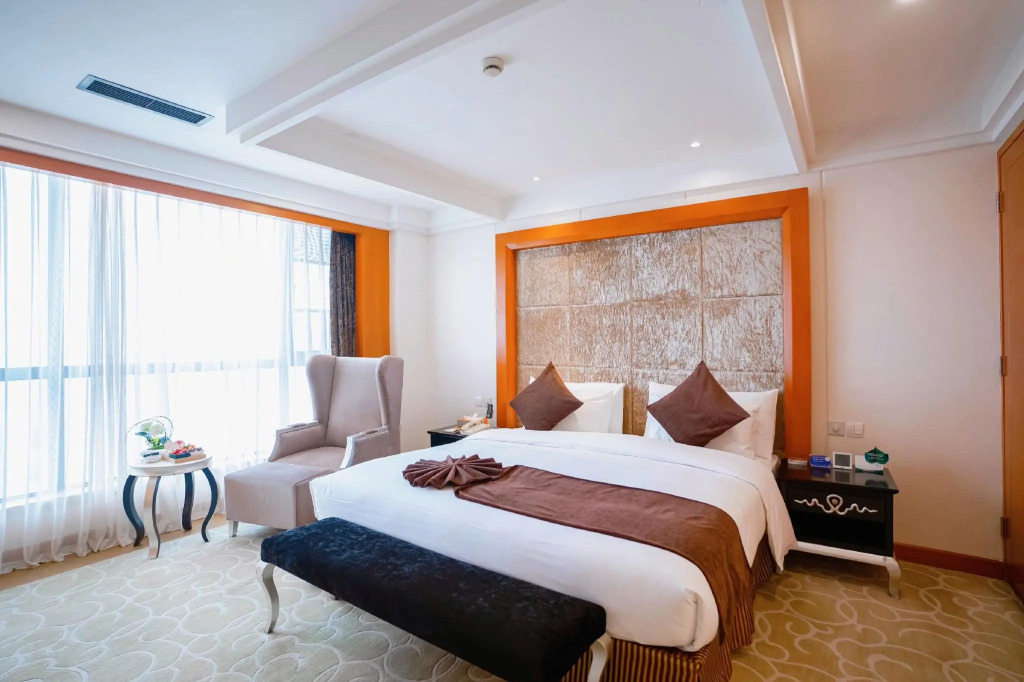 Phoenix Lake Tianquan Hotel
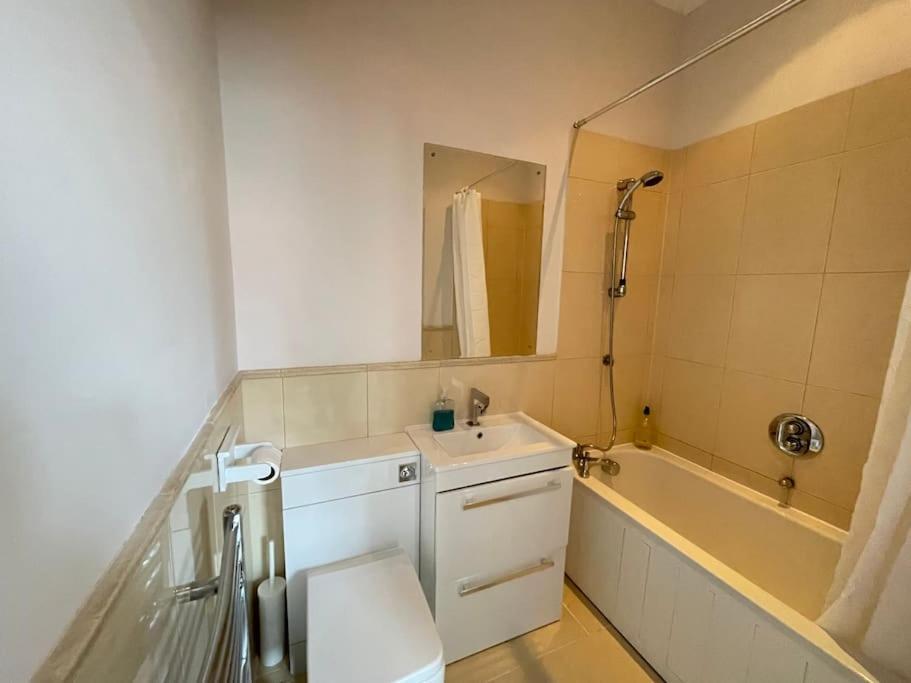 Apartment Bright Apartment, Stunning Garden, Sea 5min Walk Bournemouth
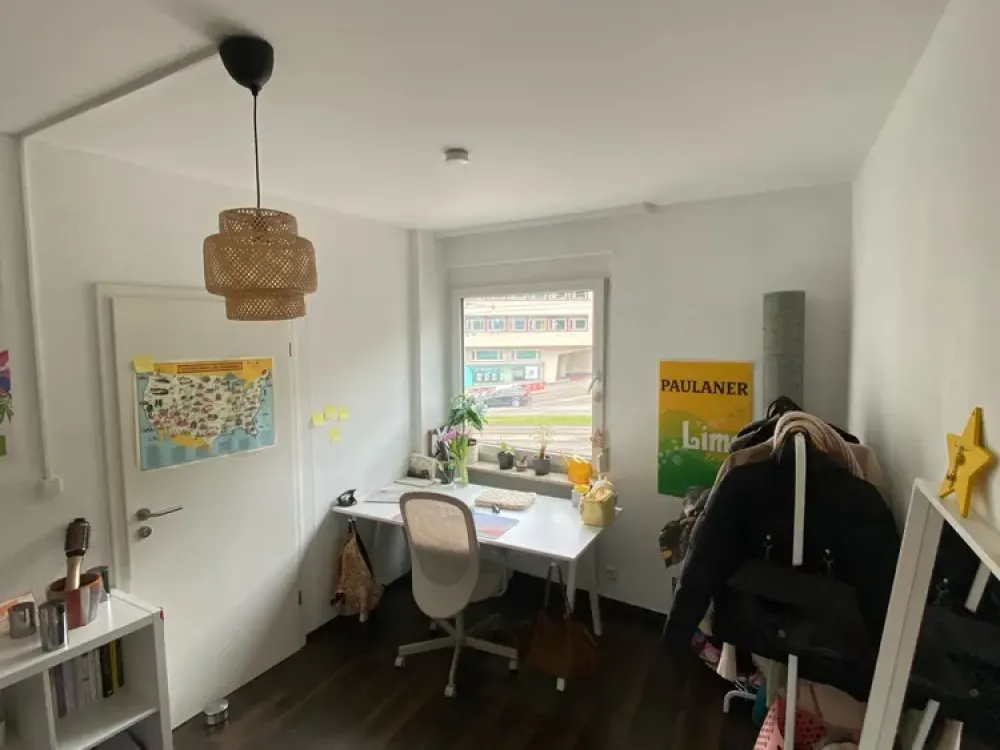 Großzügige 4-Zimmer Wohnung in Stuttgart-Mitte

» WORK TO BE COMPLETED
The output consists of exactly the lines from the one containing "Apartment Bright Apartment, Stunning" through the last line of the listing, both included, with no pictures.

» EXERCISE SOLUTION
 Apartment Bright Apartment, Stunning Garden, Sea 5min Walk Bournemouth
 Großzügige 4-Zimmer Wohnung in Stuttgart-Mitte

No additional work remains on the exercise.